We now compute the determinant of the matrix obtained in Step 2: $\left|A-2I\right| = \left|\begin{array}{ccc}0 & 1 & 2 \\ 6 & 0 & 11 \\ 3 & 3 & 0\end{array}\right|$ We use the cofactor expansion method along the first row. The pattern of signs for cofactors along the first row is $+ - +$: $\left|A-2I\right| = 0 \cdot \left|\begin{array}{cc}0 & 11 \\ 3 & 0\end{array}\right| - 1 \cdot \left|\begin{array}{cc}6 & 11 \\ 3 & 0\end{array}\right| + 2 \cdot \left|\begin{array}{cc}6 & 0 \\ 3 & 3\end{array}\right|$ Now, we calculate each $2 \times 2$ determinant:

• $\left|\begin{array}{cc}0 & 11 \\ 3 & 0\end{array}\right| = (0 \times 0) - (11 \times 3) = 0 - 33 = -33$
• $\left|\begin{array}{cc}6 & 11 \\ 3 & 0\end{array}\right| = (6 \times 0) - (11 \times 3) = 0 - 33 = -33$
• $\left|\begin{array}{cc}6 & 0 \\ 3 & 3\end{array}\right| = (6 \times 3) - (0 \times 3) = 18 - 0 = 18$ Substitute these values back into the expansion: $\left|A-2I\right| = 0 \cdot (-33) - 1 \cdot (-33) + 2 \cdot (18)$ $\left|A-2I\right| = 0 + 33 + 36$ $\left|A-2I\right| = 69$

Step 4: Find the Sum of the Prime Factors of 69

The value of the determinant is 69. We need to find its unique prime factors and then sum them up. To find the prime factors of 69:

• 69 is an odd number, so it is not divisible by 2.
• The sum of its digits is $6+9=15$, which is divisible by 3. So, 69 is divisible by 3. $69 \div 3 = 23$.
• Now we have the number 23. We check if 23 is a prime number. 23 is not divisible by any prime numbers less than or equal to its square root ($\sqrt{23} \approx 4.8$, so we check 2 and 3). 23 is indeed a prime number. Thus, the unique prime factors of 69 are 3 and 23. The sum of these prime factors is $3 + 23 = 26$.

Common Mistakes & Tips

• Recognize the Structure: The expression $\left|P^{-1}BP\right|$ (where $B$ is $A-2I$ in this problem) is a strong indicator that the determinant simplifies to $\left|B\right|$. Always look for such structures in matrix problems, as they are common shortcuts in competitive exams like JEE.
• Careful with Signs in Determinants: When calculating $3 \times 3$ determinants using cofactor expansion, pay close attention to the alternating signs ($+ - +$ for the first row, for example). A single sign error can lead to an incorrect determinant value.
• Prime Factorization Definition: Ensure you find all unique prime factors and sum them correctly. For instance, if a number is $12 = 2^2 \cdot 3$, its prime factors are 2 and 3, and their sum is $2+3=5$, not $2+2+3=7$.

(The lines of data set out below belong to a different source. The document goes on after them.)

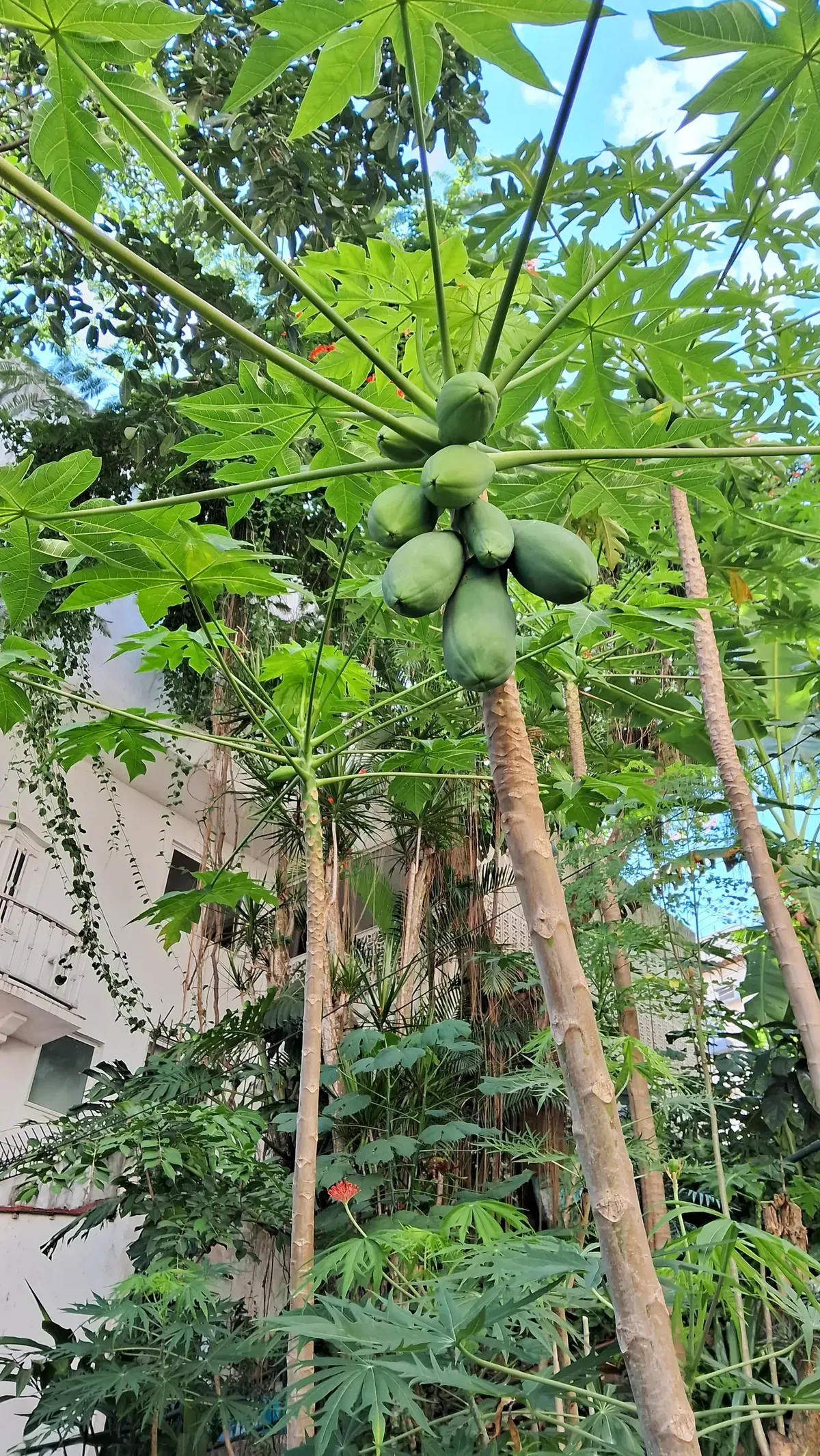 Mamoeiro carregado de frutos verdes no meio da agrofloresta, com bananeiras e outras árvores ao redor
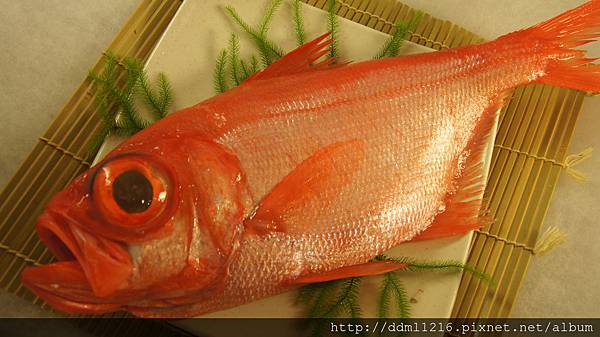 金目鯛 きんめ だい Halu 旬彩菜的懷石饗宴 痞客邦 金目鯛 きんめ だい Halu 旬彩菜的懷石饗宴 痞客邦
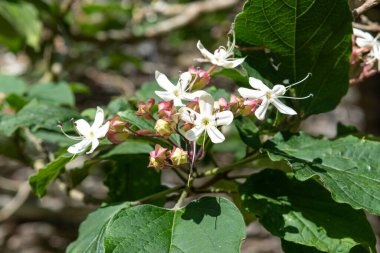 Tepedeki görkemli çardak (katip davulu infortunatum) çiçeklerinin açılışını kapat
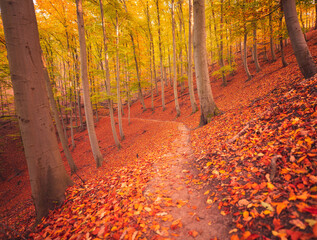 Fototapety na wymiar - Fototapeta24.pl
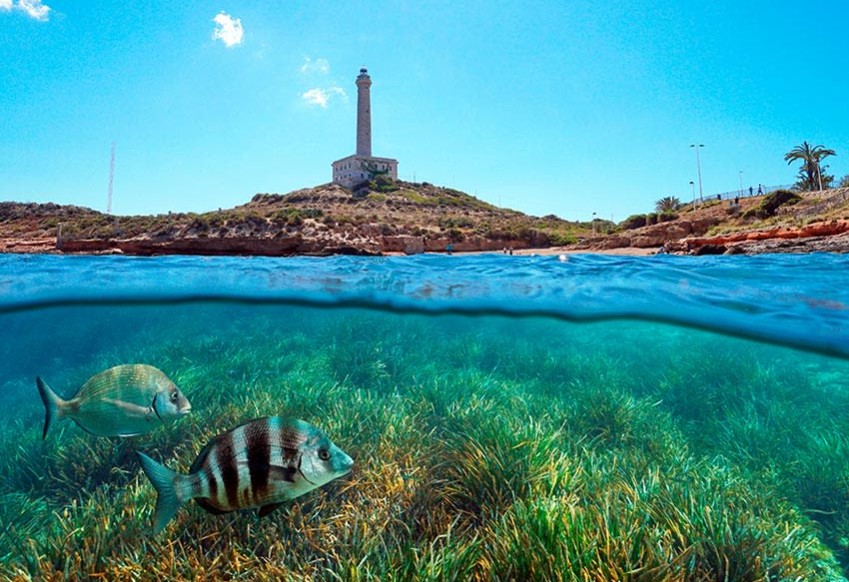 Nowy budynek - detached - Islas Menores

Summary This problem tested the understanding of determinant properties, particularly those related to similar matrices. The key insight was simplifying the expression $\left|P^{-1} A P-2 I\right|$ to $\left|A-2I\right|$ using properties of determinants and matrix inverses. After calculating $A-2I$, its determinant was found to be 69. Finally, the unique prime factors of 69 were identified as 3 and 23, and their sum was calculated as 26.

The final answer is $\boxed{26}$, which corresponds to option (D).